There is a very close relationship between what is happening to the poor and the work of justice.
We talk about the real poor as the materially poor, those who do not enjoy the good things of the earth freely, and in a measure that is adequate to their human dignity.
There are the poor by conviction. They are the people who are not born poor, but choose a life of poverty in order to be close to the poor and share their hopes and their struggle.
There are the poor in spirit, the anawim, of the Bible. They are the people who recognize and accept their dependence on God and who serve Him faithfully.
There is a cry in the world. It is the cry of every human being. It is also the cry of the whole of creation (Romans 8).
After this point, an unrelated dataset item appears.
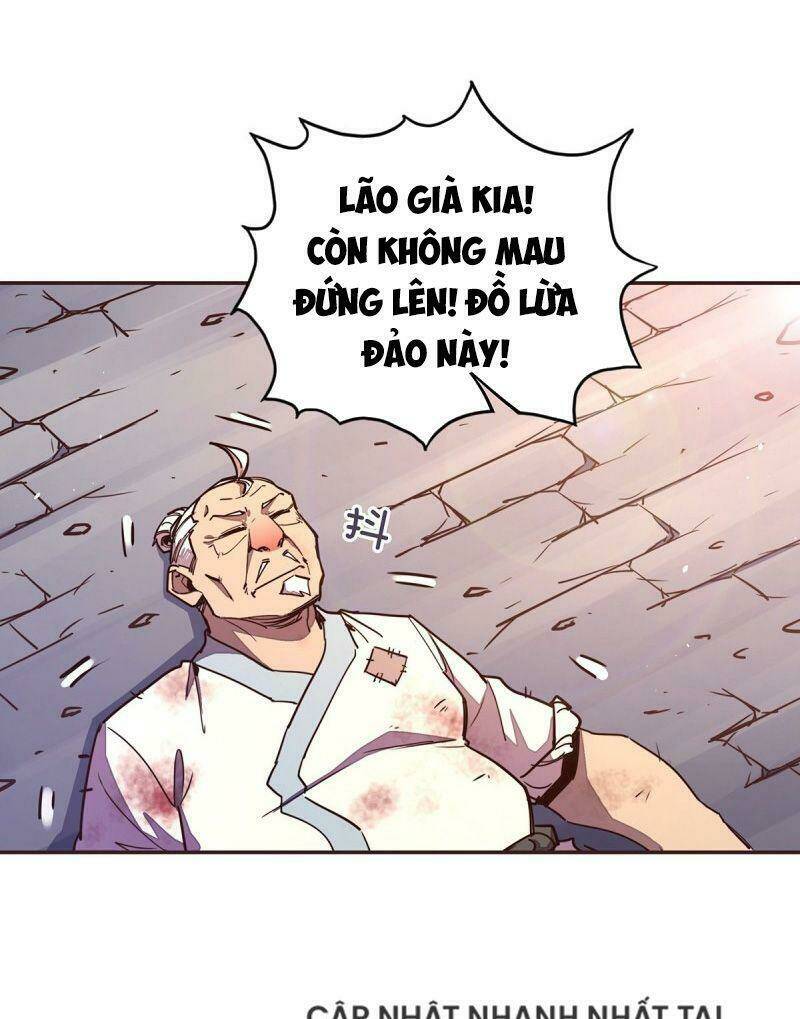 Chương 67 - Trang 7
God is revealed in the Scriptures as the God who hears the cry of the poor (Exodus 3:8). The cry that we encounter in the scripture and the cry in creation may be related to the cry that St. Paul describes when he talks about the cry that is given by the Holy Spirit, the cry that is too deep for words (Romans 8:26). To recognize that deepest cry, wherever it occurs, and to listen to it, becomes the definition of the prophetic task of the Christian. There is a cry also deep in the heart of the Gospel, the cry of Jesus, mourning over Jerusalem, searching for God at the moment of death. That too is the cry to which we are called to listen.